Second, honeypots provide zero “false positives.” Many intrusion detection technologies by nature will produce a certain amount of false positives. This is because there is always a chance that valid traffic will match the characteristics the IDS uses to detect attacks. There are no false positives with a honeypot. Any communication with a honeypot is suspect simply because the device is not used for any purpose other than detecting attacks. In other words, there is no invalid traffic to produce false positives.
Third, honeypots are able to divert an attack or control the activities of an attacker. Because an IT manager has complete control over the level of activity that is allowed inside a honeypot, activities are rendered harmless because they are attacking a non-production decoy-system.
Honeypots can also detect and record incidents that may last for months. These
so-called “slow scans” are impossible to detect using conventional IDSs as the time involved makes them appear to be normal traffic.
Determining a hacked production system can be difficult since it is hard to differentiate between normal day-to-day activity and intruder activity. By capturing only unauthorized activity, honeypots can be effective as an incident response tool because they can be taken offline for analysis without affecting business operations. The newest honeypots boast stronger threat response mechanisms, including the ability to shut down systems based on attacker activity and frequency-based policies that enable security administrators to control the actions of an attacker in the honeypot.

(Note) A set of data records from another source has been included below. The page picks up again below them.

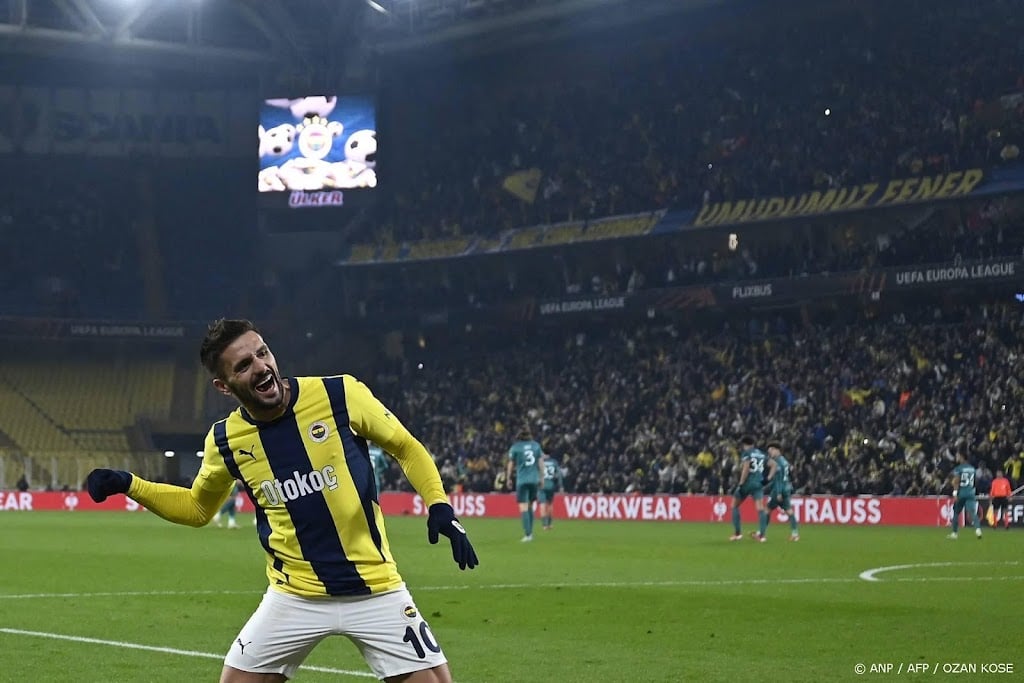 Oud-Ajacied Tadic vervolgt zijn carrière in de Emiraten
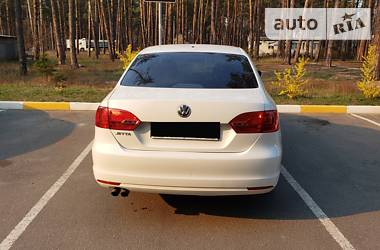 Седан Volkswagen Jetta 2014 в 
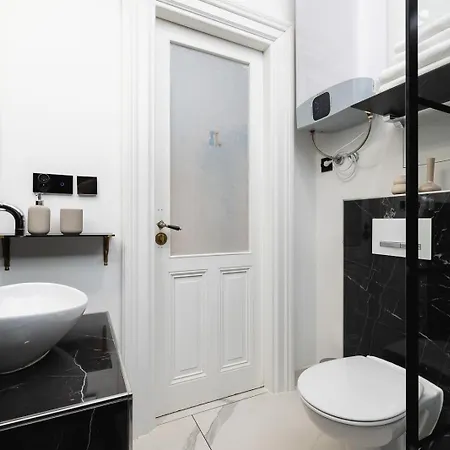 2 Bedroom - Sereno Fenn'a 5 Street Apartment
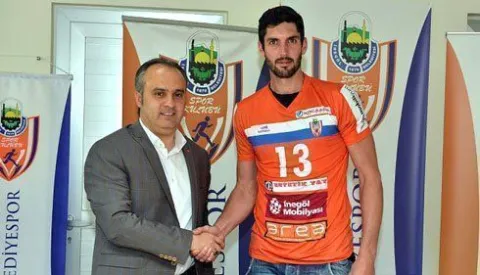 inegöl Belediyespor ile daha önce prensip anlaşmasına varan Niels Klapwijk bugün resmi sözleşmeye imza attı.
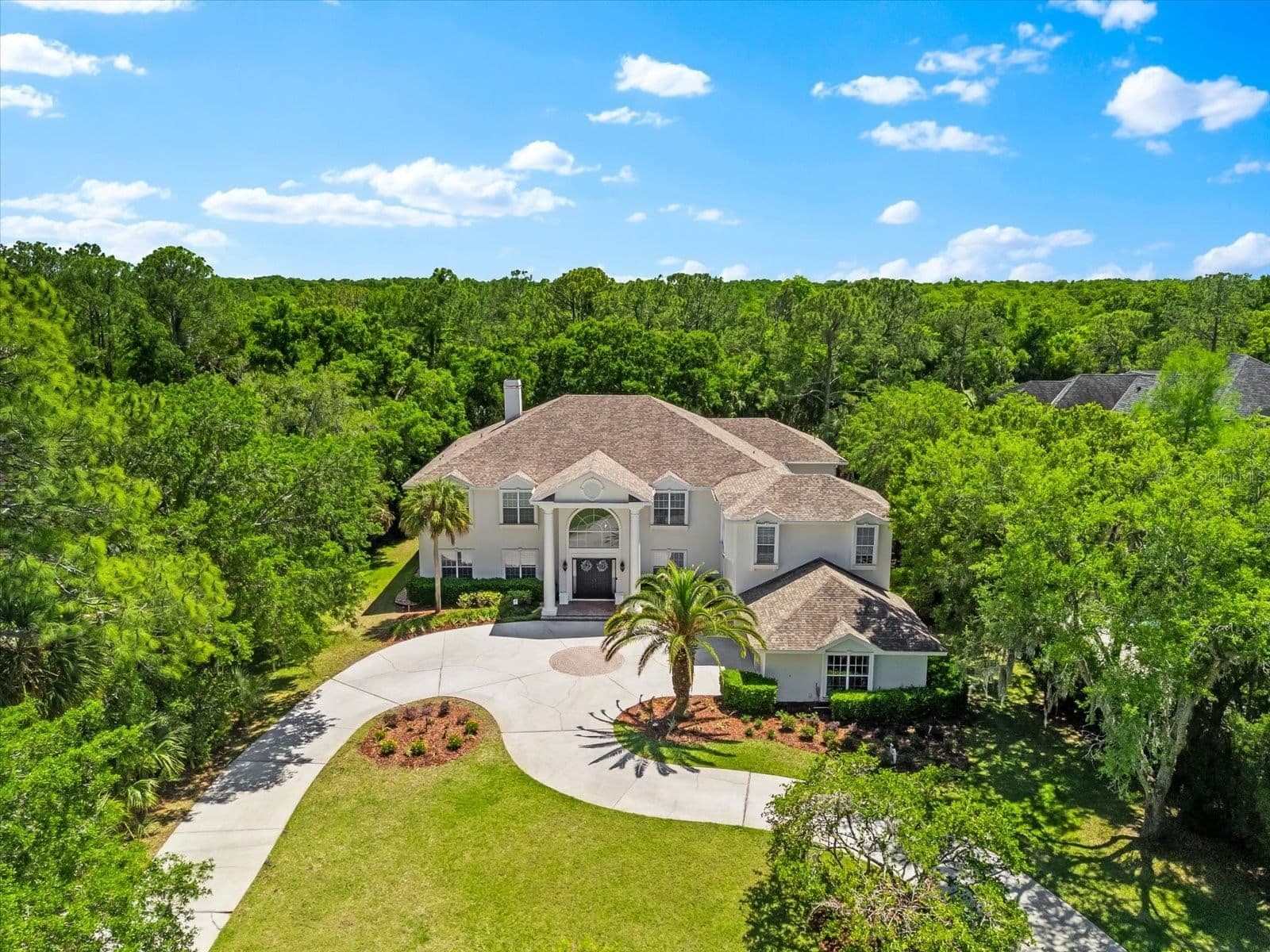 6413 MACLAURIN Drive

One of the greatest advantages of honeypots is their ability to bolster network security and provide an added level of protection when combined with traditional IDSs. In contrast to the large number of alerts many IDSs can create, honeypots collect data only when someone is interacting with them, creating small data sets that make it easier and more cost-effective to identify and act on unauthorized activity.
More and more organizations are moving to encrypt all their data, either because of security issues or regulation (such as HIPAA). Not surprisingly, more and more attackers are using encryption as well, which in some cases can blind a firewall or IDS’s ability to monitor the network traffic. With a honeypot, it doesn’t matter if an attacker is using encryption; the activity will still be captured.
Honeypots have gained a significant place in the overall intrusion protection strategy of the enterprise. Security experts do not recommend that these systems replace existing intrusion detection security technologies; they see honeypots as complementary technology to network- and host-based intrusion protection.
The advantages that honeypots bring to intrusion protection strategies are hard to ignore. In time, as security managers understand the benefits, honeypots will become an essential ingredient in an enterprise-level security operation.